▸ Excerpted records:
============

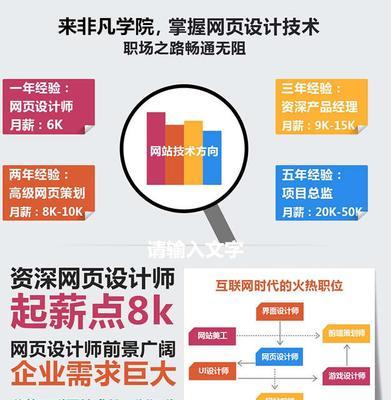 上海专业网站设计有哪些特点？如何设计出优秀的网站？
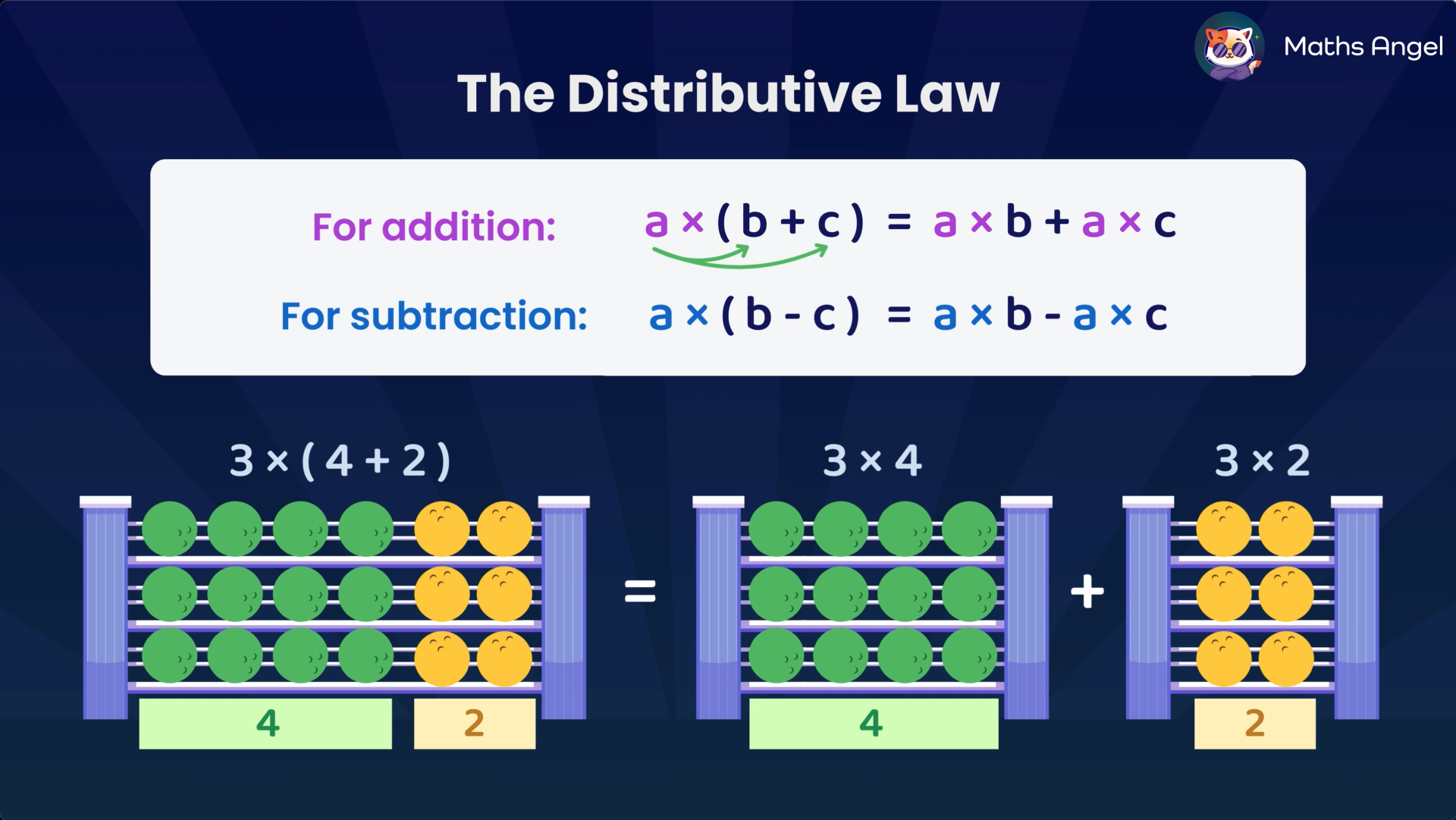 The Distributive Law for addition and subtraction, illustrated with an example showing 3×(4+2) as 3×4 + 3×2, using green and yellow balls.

============

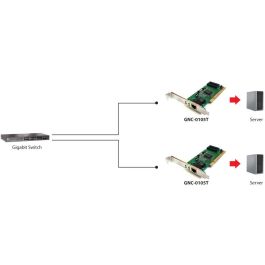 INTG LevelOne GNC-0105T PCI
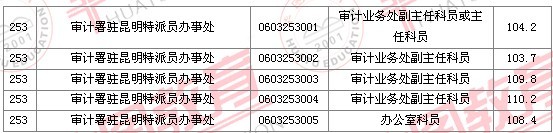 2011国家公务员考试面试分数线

============

▸ Your task: Where a picture appears in the records above, omit it, and transcribe exactly the stretch of lines from the one with "上海专业网站设计有哪些特点？如何设计出优秀的网站？" through the one with "The Distributive Law".

▸ The completed task:
 上海专业网站设计有哪些特点？如何设计出优秀的网站？
 The Distributive Law for addition and subtraction, illustrated with an example showing 3×(4+2) as 3×4 + 3×2, using green and yellow balls.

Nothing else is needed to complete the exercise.